Beer cheese soup can be made with anatto oil cheddar or white English cheddar. The orange colored anatto seasoned cheddar is what most people expect to see when they order this soup.
I do not recommend highly processed bulk cheddar or bulk Wisconsin cheddar. Both of those cheaper kinds of cheddar are over processed to the point of being Cheese Whiz instead of being hand crafted cheese. Highly processed Wisconsin bulk cheddar has a poor texture and flavor that tastes more like American Cheese than cheddar.
Smaller production sharp cheddar or local farm cheddar is a superior choice for making beer cheese soup and they both have an authentic English cheddar flavor. The better the cheddar, the better the flavor!
Beer Cheese Soup Recipe:
This recipe make 1 portion!
Heat a sauce pot over medium/medium low heat.
Add 5 pats of unsalted butter.
Add an equal amount of flour while stirring.

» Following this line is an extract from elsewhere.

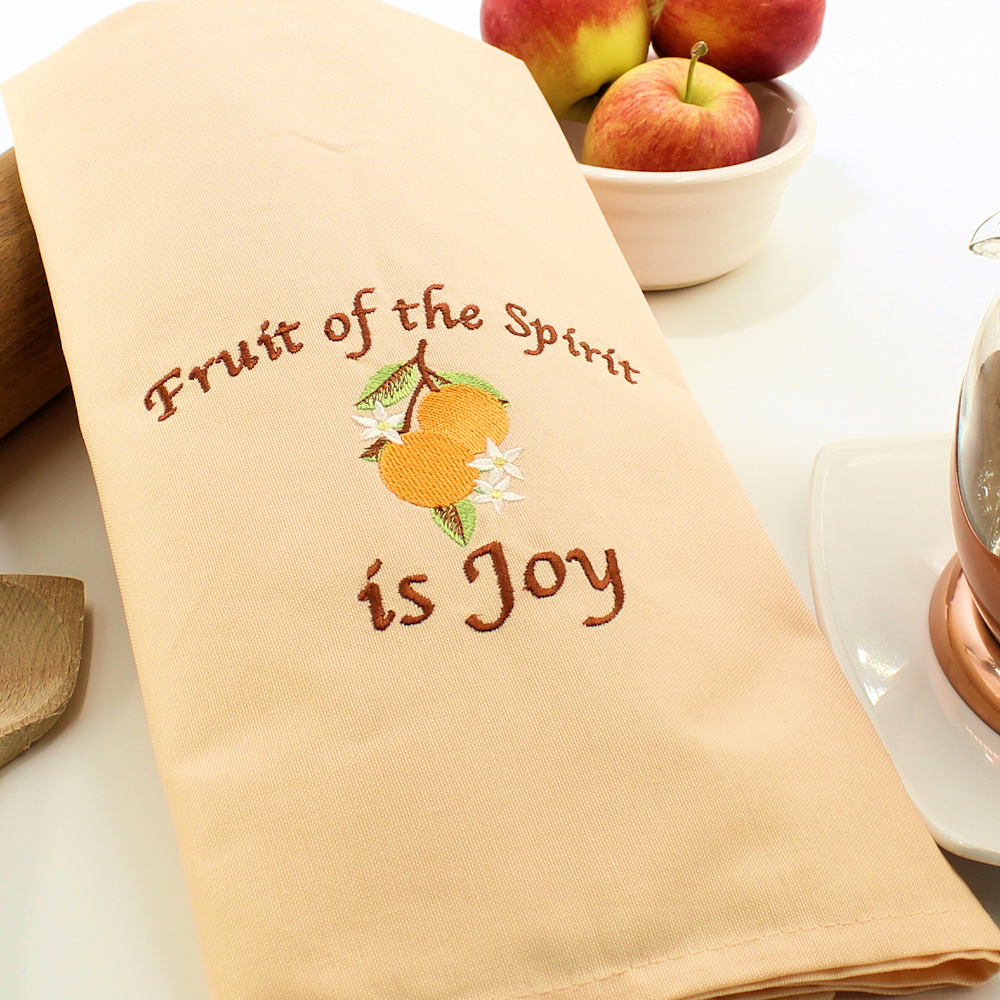 Peach Tea Towel Christian Gift Fruits of the Spirit is Joy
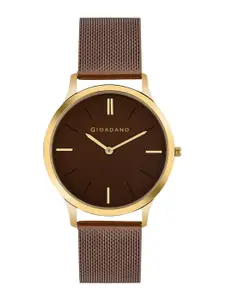 GIORDANO Men Brown Dial & Brown Bracelet Style Straps Analogue Watch - GD4060-33-Brown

Constantly stir the roux, till it turns a golden color and till it just starts to emit a light hazelnut aroma.
Add 8 ounces of lager beer, while stirring with a whisk.
Stir till the roux thickens the beer.
Add 1 1/2 cups of milk.
Add 1/4 cup of cream.
Stir occasionally, till the soups heats and till it becomes a very thin sauce consistency.
Reduce the temperature to low heat.
Add 1 tablespoon of minced ham.
Add 1 tablespoon of minced celery.
Add 1 tablespoon of minced green bell pepper.
Add 1 tablespoon of minced red bell pepper.
Add 1/2 of a minced green onion.
Add 1 tablespoon of minced onion.
Simmer and reduce the soup, till the vegetables become cooked tender and till the soup becomes a thin sauce consistency. Stir the soup occasionally.
Add 3/4 cup of grated sharp cheddar cheese while stirring with a whisk.
Stir till the cheese blends with the soup.
Add sea salt and white pepper.
Add 2 pinches of ground anatto.
Add 1 pinch of cayenne pepper.
Add 1 pinch of paprika.
Add 1 small pinch of nutmeg.
Simmer and reduce the soup, till the soup becomes a medium thin sauce consistency.
If the soup becomes too thick, add a little bit of milk. This soup should not be thick, like a nacho cheese sauce!
Ladle the soup into a bowl.
Garnish with a parsley leaf.
Deliciously rich, warm and friendly! A good beer cheese soup is rich and full bodied. Beer cheese soup is not cheap to make.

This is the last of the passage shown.